Short answer: You are probably at security level greater than 0. Reboot directly to single user mode to install the kernel.

Long answer: FreeBSD disallows changing system flags at security levels greater than 0. You can check your security level with the command:

    # sysctl kern.securelevel

You cannot lower the security level; you have to boot to single mode to install the kernel, or change the security level in /etc/rc.conf then reboot. See the init(8) man page for details on securelevel, and see /etc/defaults/rc.conf and the rc.conf(5) man page for more information on rc.conf.

Short answer: You are probably at security level greater than 1. Reboot directly to single user mode to change the date.

Long answer: FreeBSD disallows changing the time by more that one second at security levels greater than 1. You can check your security level with the command:

    # sysctl kern.securelevel

You cannot lower the security level; you have to boot to single mode to change the date, or change the security level in /etc/rc.conf then reboot. See the init(8) man page for details on securelevel, and see /etc/defaults/rc.conf and the rc.conf(5) man page for more information on rc.conf.
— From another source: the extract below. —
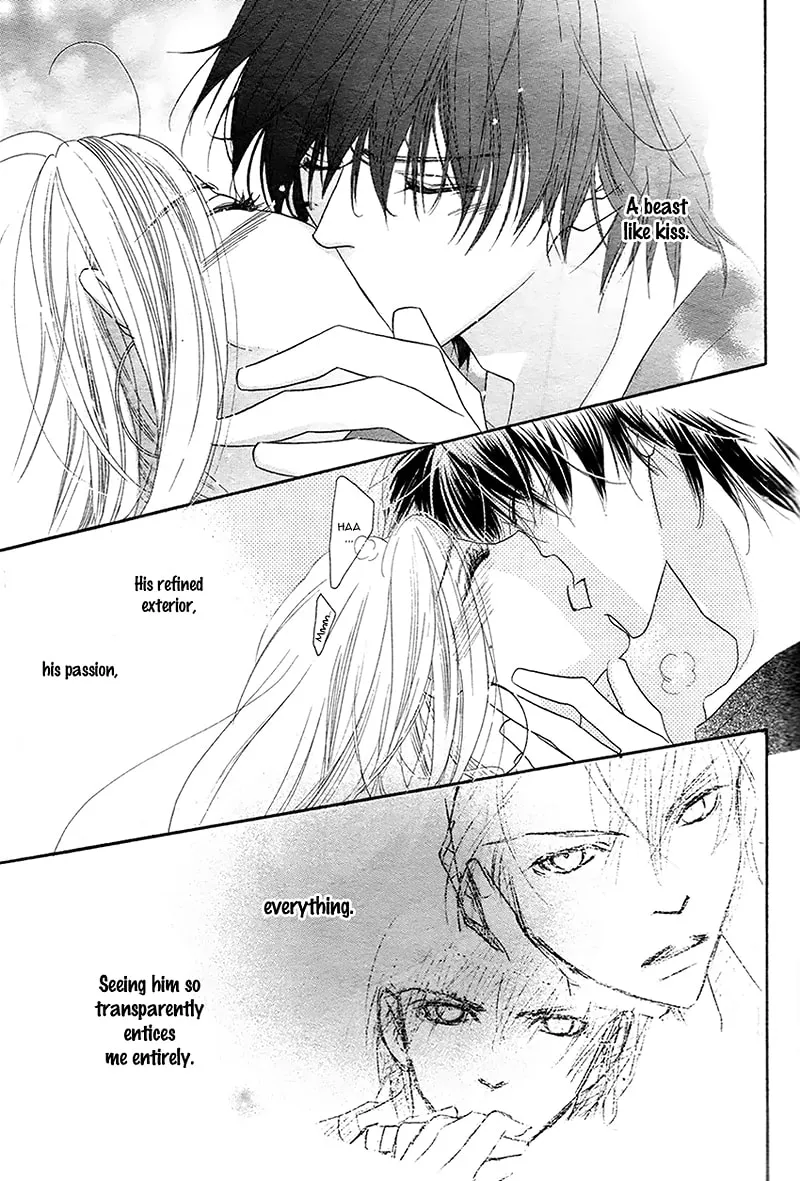 Read S Love chapter 3 image 22 on Lezhin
No, there is no memory leak, and it is not using 256 Mbytes of memory. It simply likes to (i.e., always does) map an obscene amount of memory into its address space for convenience. There is nothing terribly wrong with this from a technical standpoint; it just throws off things like top(1) and ps(1).
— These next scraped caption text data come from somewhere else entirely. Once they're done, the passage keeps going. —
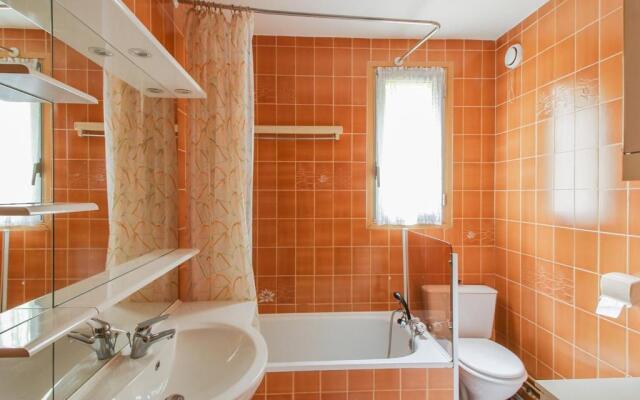 Studio Cauterets, 1 pièce, 4 personnes - FR-1-401-48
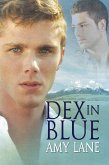 Dex in Blue (eBook, ePUB)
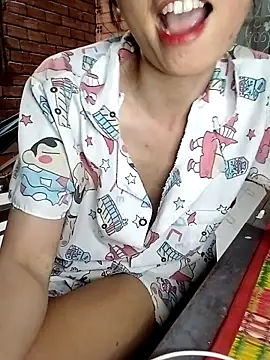 Chammy720's Live XXX Chat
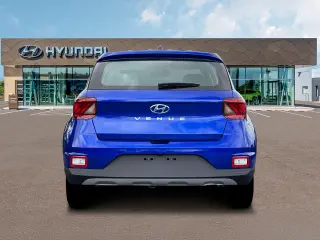 Hyundai VENUE 2026 SE 4dr Crossover
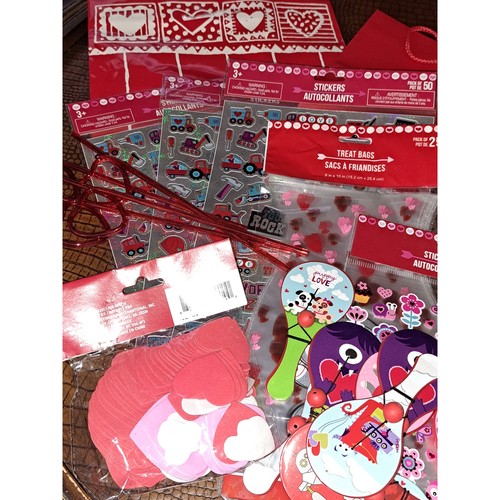 Valentinstag Paket - Bild 4 von 5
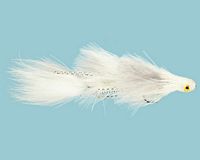 Galloup's Menage a Dungeon - White/Grey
rpc.statd(8) maps its status file (resident on /var) into its address space; to save worrying about remapping it later when it needs to grow, it maps it with a generous size. This is very evident from the source code, where one can see that the length argument to mmap(2) is 0x10000000, or one sixteenth of the address space on an IA32, or exactly 256MB.
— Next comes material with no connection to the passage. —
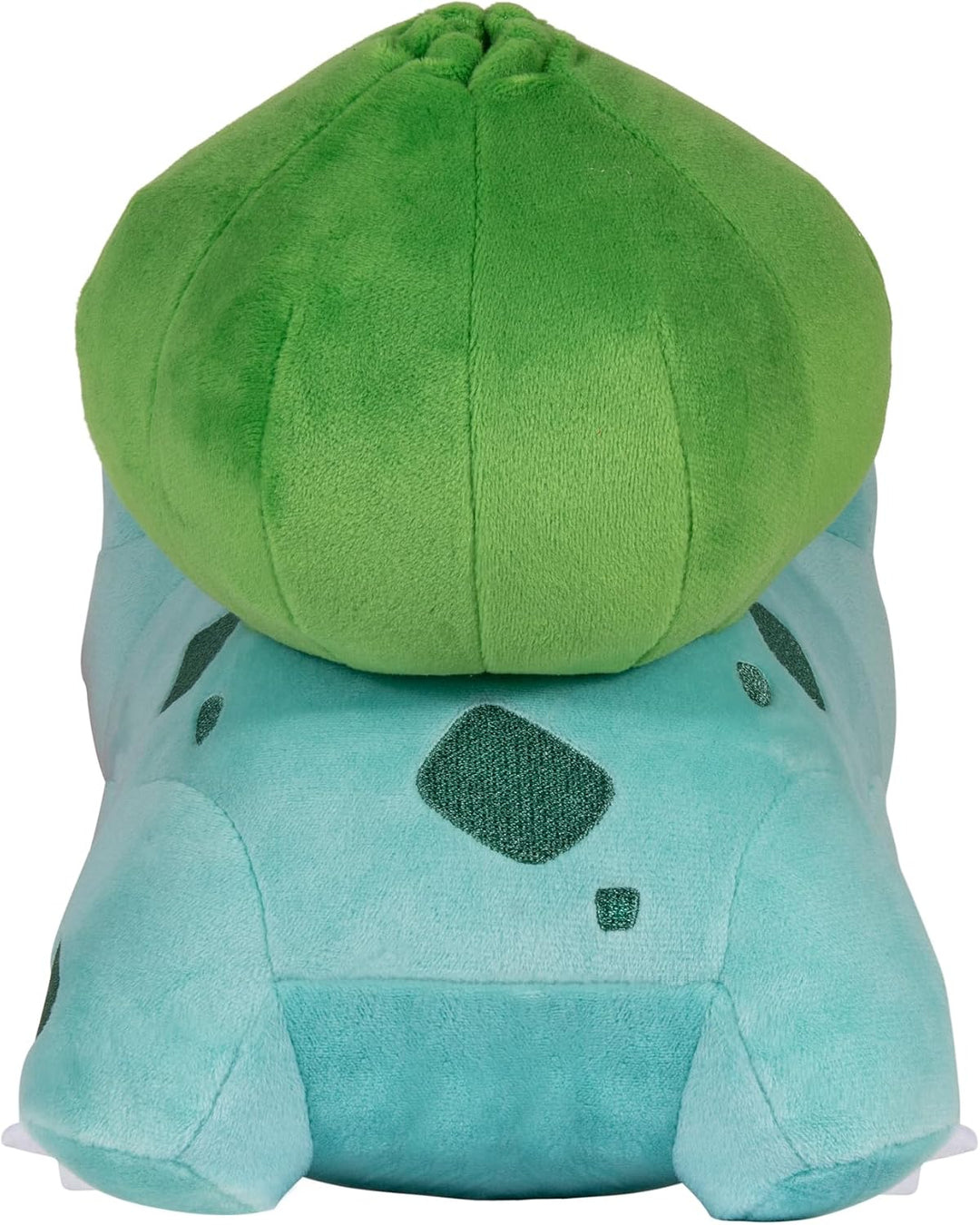Pokemon PKW3112 Plüschtiere 30cm Bulbasaur Spielzeug, Bulbasaur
You are running at an elevated (i.e., greater than 0) securelevel. Lower the securelevel and try again. For more information, see the FAQ entry on securelevel and the init(8) manual page.

The reason why .shosts authentication does not work by default in more recent versions of FreeBSD is because ssh(1) is not installed suid root by default. To ``fix'' this, you can do one of the following:

• As a permanent fix, set ENABLE_SUID_SSH to true in /etc/make.conf and rebuild ssh (or run make world).

• As a temporary fix, change the mode on /usr/bin/ssh to 4555 by running chmod 4755 /usr/bin/ssh as root. Then add ENABLE_SUID_SSH= true to /etc/make.conf so the change takes effect the next time make world is run.

Yes; see the security/cfs port.

You can't do that with the standard boot manager without rewriting it. There are a number of other boot managers in the sysutils ports category that provide this functionality.